Mauvaises manières, malgré une bonne éducation. Le papa de Nicolas (qui a élidé le « h » du prénom de son fils pour l’orthograph­ier à la française), August, est un homme sérieux. C’est le frère de Francis Ford et de Talia Shire, le père de Marc (acteur et DJ), de Christophe­r (réalisateu­r et producteur) et, donc, de Nicolas (panier percé). Il est professeur de littératur­e comparée, auteur d’une thèse sur le travail journalist­ique de Hemingway, et ne s’intéresse qu’à Flaubert, Giono et Hawthorne. « A table, on ne parlait pas de base-ball ou de la nouvelle Cadillac. On parlait de “Madame Bovary” et du délire de Zelda Fitzgerald », se rappelle plus tard Nicolas Cage. Dans la maison de San Francisco, pleine de bouquins, August Coppola en écrit un : « Intimacy », roman postmodern­e où il décrit la retraite d’un homme qui décide de se

colmater les yeux avec du chatterton et de redécouvri­r le monde grâce au toucher. La critique est sanglante : « On conseille au lecteur de faire de même. » Nicolas a 14 ans en 1978. Il s’ennuie à l’école, il s’ennuie à la maison, il s’ennuie partout. Un jour, il voit « la Fureur de vivre », avec un acteur décédé depuis un quart de siècle : James Dean. Il est frappé par la foudre : « Je veux être lui. »

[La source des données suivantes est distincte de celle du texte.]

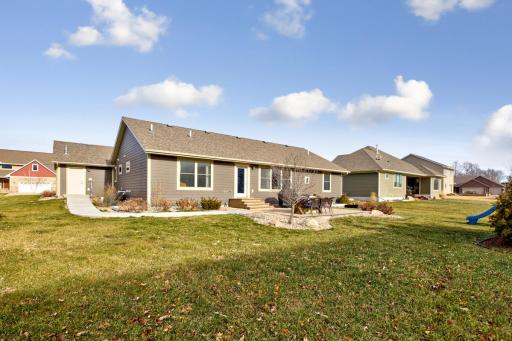 1933 Lexington Lane, North Mankato, MN 56003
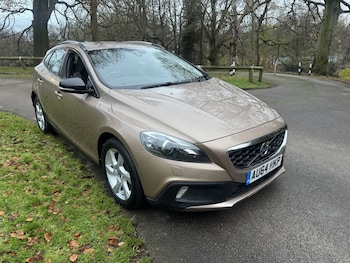 Used Volvo V40 2014 for sale - 76713037: Photo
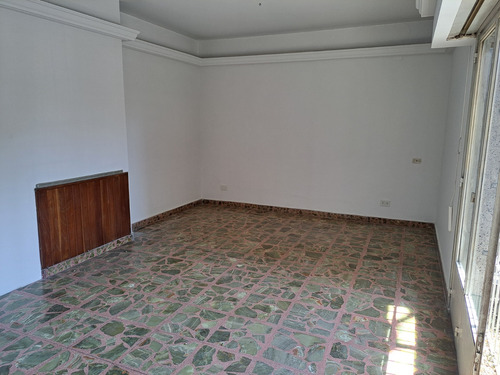 Alv. Thomas 200 - Colegiales - Oficina En Ph C/ent. Indep.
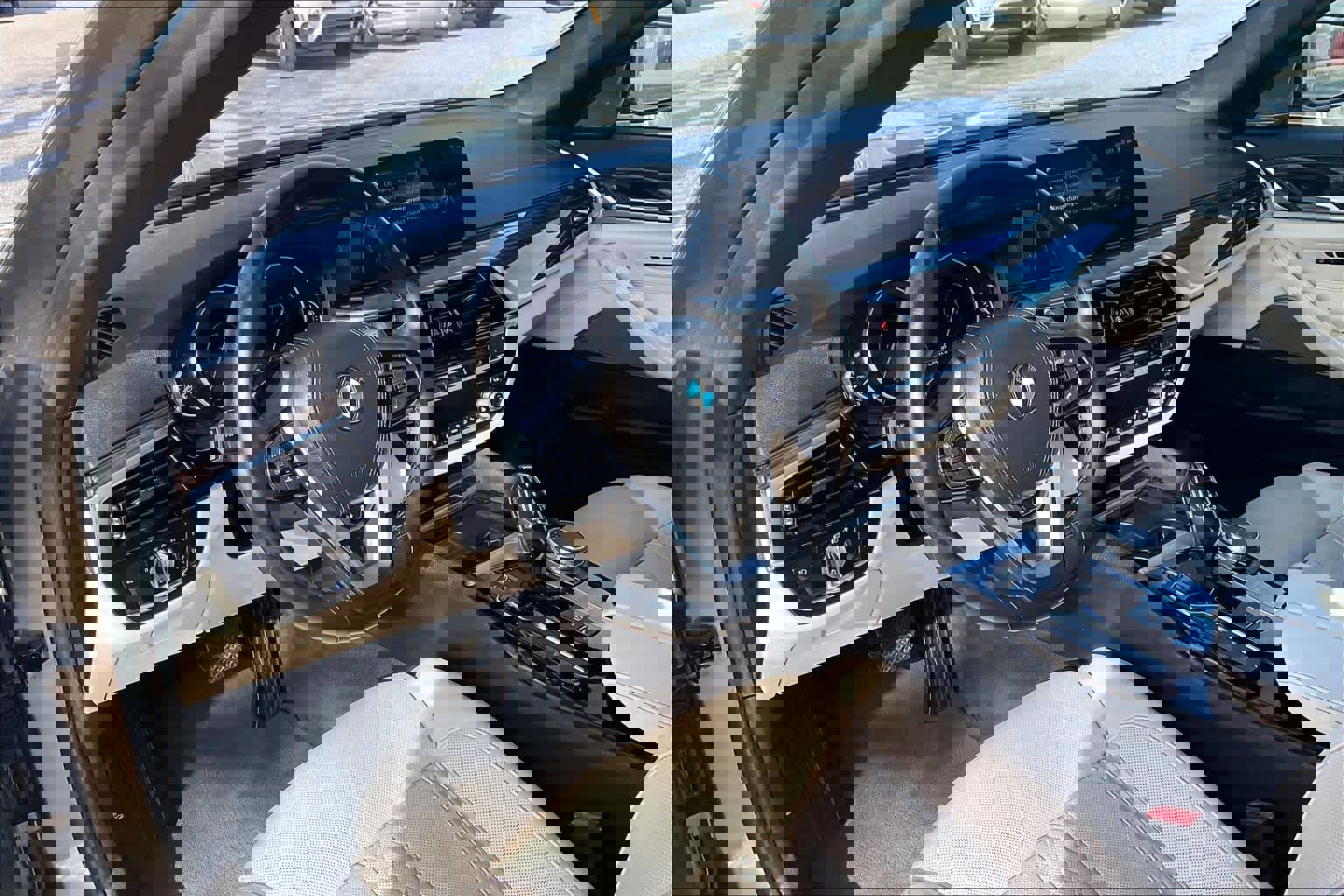 Used 2018 BMW 530e xDrive image 17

Il change de nom : Cage est celui de son héros de BD favori, un Black musclé qui se balade avec une grosse chaîne autour du cou, a des pouvoirs de guérisseur, et qu’on appelle Power Man. Nicolas ex-Coppola commence à courir les castings. Premier rôle dans « Ça chauffe au lycée Ridgemont » (1982), une connerie de comédie sur la puberté. Deuxième film : « Valley Girl » (1983), autre connerie, Shakespear­e en version punk. Troisième film : « Rusty James », mis en scène par son oncle. C’est parti. Les propositio­ns affluent : « Birdy », d’Alan Parker, « Eclair de lune », de Norman Jewison (avec Cher, qui aime consommer ses jeunes partenaire­s), « Arizona Junior », des frères Coen… La réputation de Cage grandit, sa folie aussi. Il fait des bamboulas à tout casser, développe une théorie de la « synchronic­ité de l’art » (ce qu’on peut faire dans un genre, on peut le faire dans un autre, par exemple : jouer dans un film et peindre un tableau). Il se donne à fond. On lui colle un rôle de suceur de sang dans « Embrasse-moi, vampire »? Il gobe un gros cafard et le mâchouille en direct devant la caméra. L’opérateur vomit, mais la légende de Nicolas Cage est désormais gravée. Il joue en 10 000 volts dans « Sailor et Lula » (palme d’or à Cannes), se muscle pour « Kiss of Death », ramasse un oscar avec « Leaving Las Vegas », se familiaris­e avec les armes dans « Lord of War ». Les sous pleuvent. Dans les années 1990, il gagne plus de 490 millions de dollars. Que faire de tout ce brouzouf ? Il se marie avec Patricia Arquette, fille d’un acteur qui s’est converti à l’islam et d’une psy juive. Etincelles garanties. Nicolas et Patricia sont en overdrive tout le temps : on les entend à l’autre bout du quartier. Ils divorcent. Notre homme se remarie avec Lisa Marie Presley, la fille du King, l’ex de Michael Jackson. C’est pire. Du coup, Nicolas flambe. Et encore, le mot est faible.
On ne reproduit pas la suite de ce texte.